Hi OP. First I am really sorry you are suffering so much. Life sounds pretty hard for you at the moment.
With reference to your DH, I'm with Joysmum, Silvery, Matilda but also Almost.
I'm in a similar situation except with one toddler and no pnd (not to say I didn't struggle as the year we had DC was eventful to say the least).
I have been waiting for a break (holiday? DH to do much, much more?) since I became a mum. I was getting more and more exhausted and annoyed and started laying on the line what I needed from him. He accepted it all and got a bit more helpful. I didn't think it was enough. It wasn't- I was doing nearly everything domestically, household management wise, routine childcare/ arrangements for paid childcare as well as working part-time. I'm not denying that I had let balance of domestic duties slip long before we had DC and my husband has in the past put things off/ expected me to do it.

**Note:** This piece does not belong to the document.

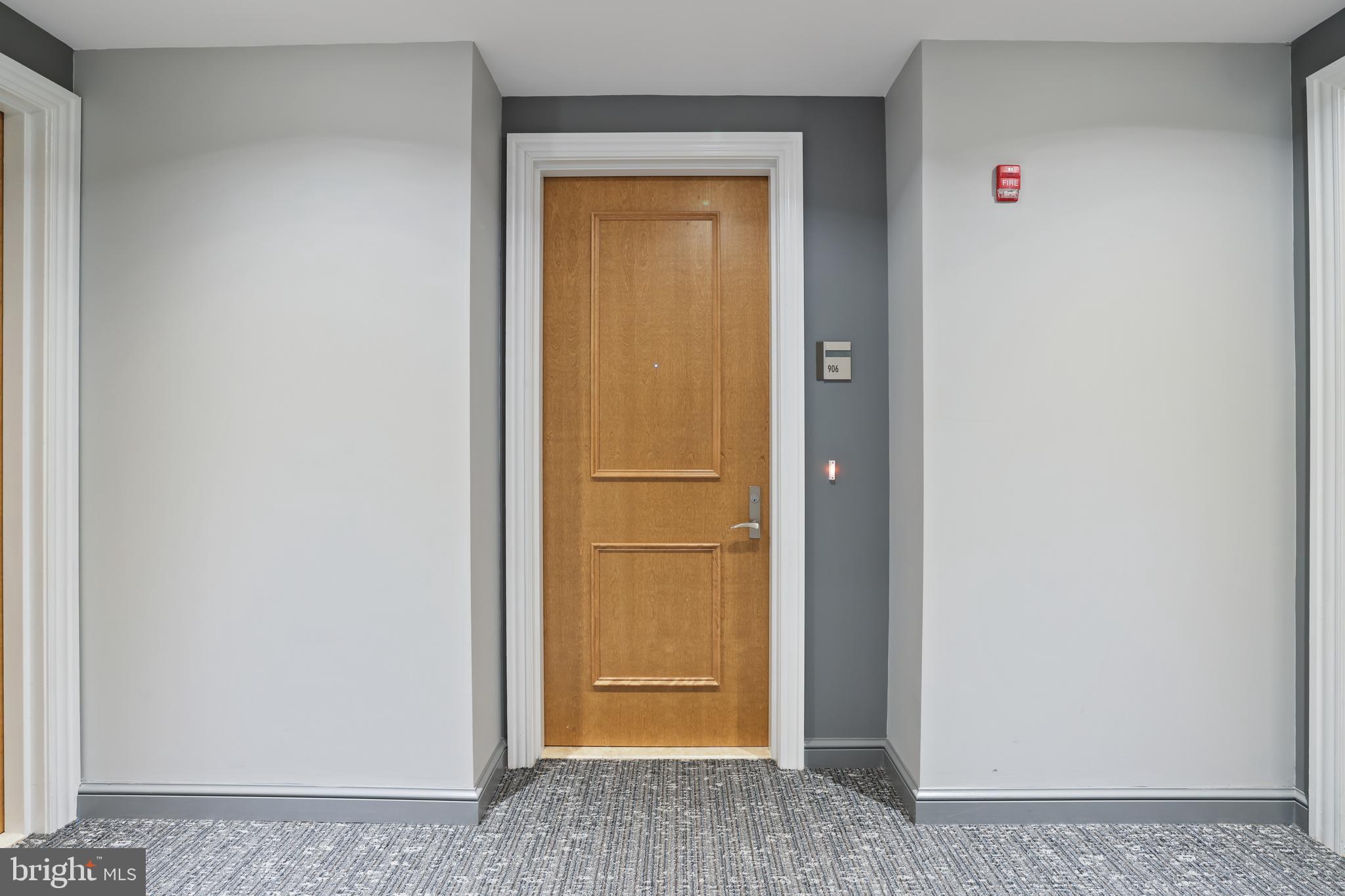 MIDTOWN AT RESTON TOWN CENTER - Residential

However I suddenly realised that my grievances were not the priority any more because DH is burning out. Not just complaining about work but sinking. My current job can be stressful and I have responsibility but I enjoy it and have professional confidence. But I have also had horrendous working environments where I had to steel myself before I could go in each day, where I felt completely trapped and often paralysed with worry. There is a difference between day-to-day job difficulties and this.

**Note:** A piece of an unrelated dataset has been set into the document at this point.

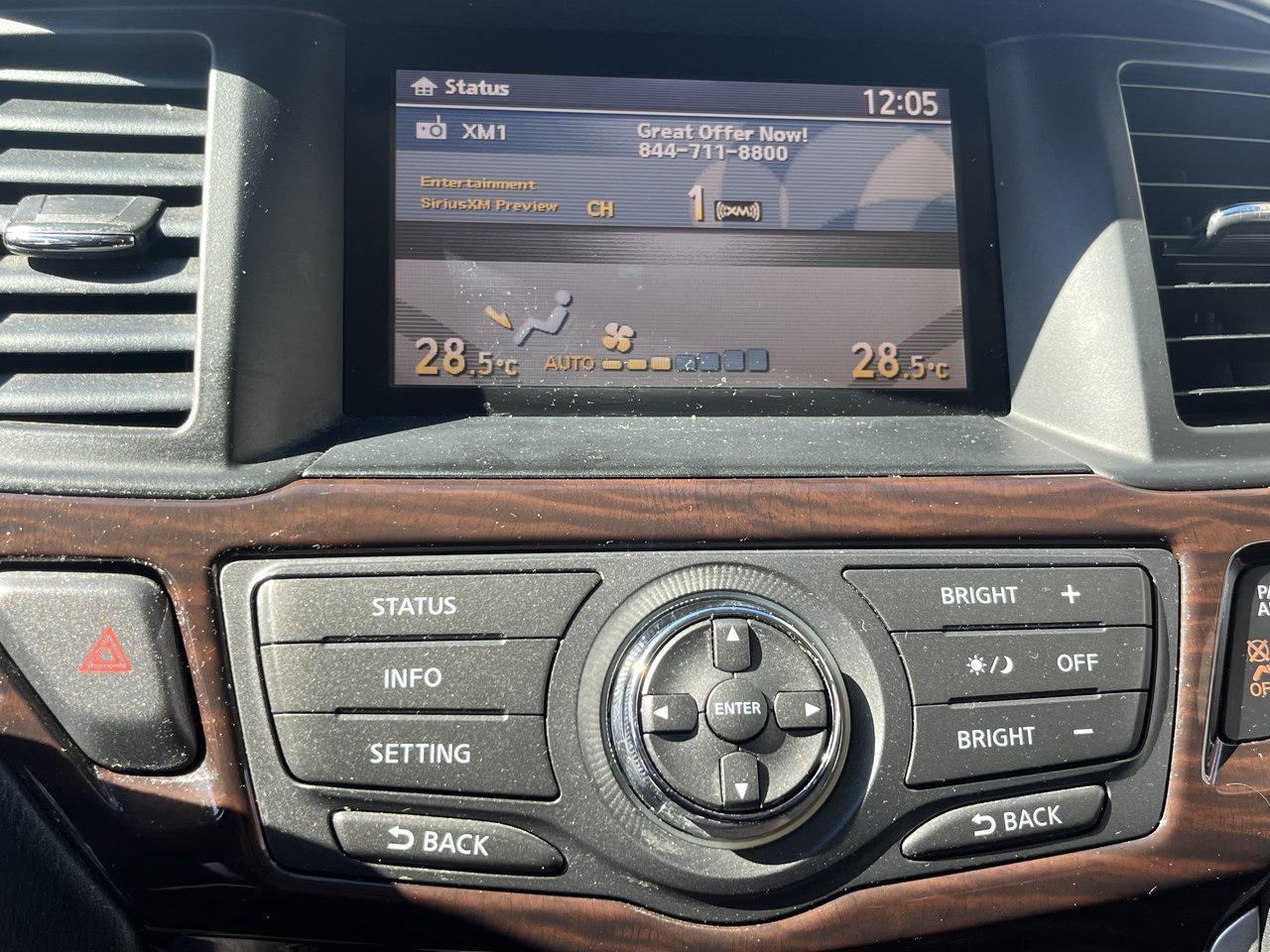 2013 Nissan Pathfinder SL Photo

The latter is what my DH is experiencing now but unlike me, when I was experiencing it, he is responsible for paying a mortgage and putting a roof over three people's heads. He's also well aware that if he passed the baton to me for a while, even if I worked full-time at senior level, I could not make the amount of money that our mortgage is based on.
My DH taking a job with less responsibility would be great. But at the moment he can't think straight, he certainly doesn't have mental space or actual time to research and apply for other jobs. He's lost confidence in himself. He has anxiety and depression, this has crept up on us and we've only just acknowledged it between us and with confirmation from his doctor. His mental health is now the priority even if I was still annoyed with the unfairness of what I am taking on- it has to be shelved for now. Obviously I have no idea OP if this is the same with your DH but if it is anything like my situation it is neither fair, useful nor appropriate to tell him to 'man up'.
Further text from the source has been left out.